By: Thad McBride on July 19, 2018
Thad McBride is a member at Bass, Berry & Sims PLC (Washington, DC) and leads the firm’s International Trade Practice Group. He regularly counsels clients on compliance matters related to economic sanctions and embargoes, export controls, CFIUS, US anti-boycott controls, customs, and other import controls. In addition, he guides clients through internal audits and investigations and represents companies facing government investigations and enforcement actions. He is a regular contributor to the firm’s Government Contracts and International Trade blog and can be reached at firstname.lastname@example.org
- Ericsson Caused Violation by Having U.S. Party Ship Equipment to Sudan
- U.S. Employee Facilitated Sudan Business
- OFAC Expects Parties Conducting International Business to Have Robust Compliance Processes
In June 2018, the U.S. Treasury Department, Office of Foreign Assets Control (OFAC) announced that Ericsson, a Swedish telecommunications company, agreedto pay approximately $145,000 for violating U.S. sanctions on Sudan. Among other things, this is one of the few OFAC enforcement actions explicitly premised on a non-U.S. actor causing a U.S. company to violate U.S. sanctions.
Non-U.S. Companies Can Violate Sanctions If They Cause a Violation
According to OFAC, the violations involved Ericsson, AB (EAB), which is based in Sweden, causing a U.S. seller of a satellite hub to export that hub from the United States to Sudan. Interestingly, in connection with EAB’s purchase of the satellite hub, an EAB employee communicated about the matter with Ericsson’s compliance department. In those communications, the EAB employee was informed that the purchase of the satellite would violate Ericsson’s sanctions compliance policy.
Yet the EAB employee proceeded with the acquisition, with support from an Ericsson employee in the United States. OFAC asserted that the two Ericsson employees agreed to identify “Botswana” as the destination of the satellite hub. The EAB employee then structured the acquisition so that the satellite hub was shipped through several other countries, including with help from a third party in Lebanon, before eventually arriving in Sudan.
U.S. Employee Facilitated Transaction by Supporting the Sudan Business
It appears that, when the Ericsson U.S. employee was first contacted by his counterparts at EAB, he informed them that he could not be involved in any Sudan business. But subsequently, he did assist his EAB counterparts by providing technical guidance related to the Sudan project. (The U.S. employee sent one e-mail related to Sudan in which “East Africa” was listed as the subject of the e-mail.) The U.S. employee also met in person with an EAB employee to discuss the project.

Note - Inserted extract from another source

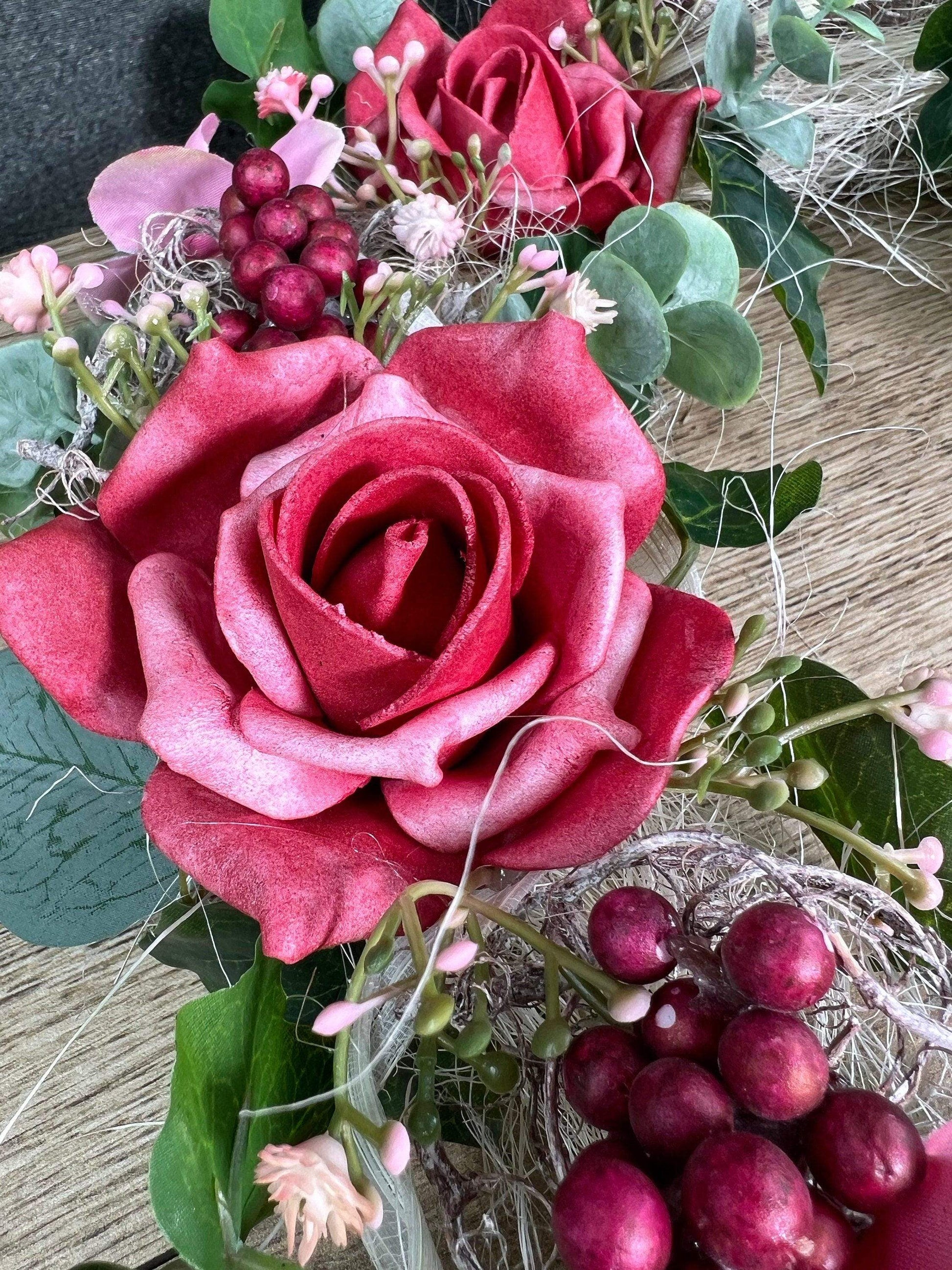 Autoschmuck Set 3 Teilig Herz und Schleifen Rose Eukalyptus Autodekoration Autoblumenschmuck Gesteck Hochzeit Kutsche Schmuck Wedding – handgemacht aus Seiden- und Kunstblumen, langlebig & pflegeleicht von SarahsFlowerStudio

There is no indication that the U.S. employee had any role in purchasing or shipping the satellite hub to Sudan. Nonetheless, by providing guidance and advice about the Sudan project, the U.S. employee facilitated that project and thereby violated U.S. sanctions on Sudan. Like other U.S. sanctions programs, under U.S. sanctions on Sudan, U.S. persons were prohibited from indirectly supporting (or facilitating) a project in Sudan that the U.S. person could not engage in directly.
Conduct Occurred Well Before Recent Lifting of U.S. Sanctions on Sudan
As we have discussed in prior blog posts (see this January 2018 blog post), it typically takes a long time for OFAC to impose penalties for sanctions violations. The conduct at issue in the Ericsson matter occurred in 2011 and 2012. Ericsson tolled the statute of limitations during OFAC’s investigation of the matter.
In fact, by the time Ericsson agreed to settle the matter, U.S. sanctions on Sudan had been lifted. However, the U.S. government does maintain export controls on Sudan under the Export Administration Regulations. As a result, an export license is needed to export most U.S.-origin items to Sudan, even though economic sanctions have been lifted.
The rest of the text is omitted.